C'è infatti uno spirito generale da ballata seventies ("Time"), un sound da Chicago di notte ("After The Moon"), con la fantasia che si invola su quel piccolo assolo elettrico Rundgren-iano, quel piccolo frinire di tastiera, che raccontano di una nuova vitalità espressiva della band. Questa sa anche mettere in secondo piano il fatto che, dal punto di vista della scrittura, i brani di "In Mind" siano generalmente meno incisivi che in "Days", tra passaggi melodici già conosciuti (la pur bella "Holding Pattern") e ostentazioni di capziosità ("Same Sun").
Ma ci sono anche riuscite divagazioni di genere, come lo psych-country di "Two Arrows" e "Diamond Eyes", e riusciti accenni di arrangiamento, come la finta intro di pianoforte di "Saturday" e il synth retrowave di "Darling", forse opera di Lynch, instancabile sfrucugliatore musicale.

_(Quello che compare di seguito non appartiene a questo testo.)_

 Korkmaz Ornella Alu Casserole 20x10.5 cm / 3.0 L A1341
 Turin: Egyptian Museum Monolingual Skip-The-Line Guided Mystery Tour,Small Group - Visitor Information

Bello anche l'arrangiamento Paisley di "Stained Glass".
Insomma, nonostante sia difficile trovare un hook vero e proprio, dentro "In Mind", quando questi abbondavano in "Days", si tratta dell'unica mossa possibile quando la vena melodica comincia a esaurirsi: anche a rischio della brandizzazione della propria musica, puntare tutto sul lato stilistico ed espressivo. Nessuno potrà rimproverare alla vecchia trattoria di fiducia di aver voluto ristrutturare il locale, no? Ci si torna lo stesso, anche se i piatti, pur impiattati meglio, non sono più quelli di una volta.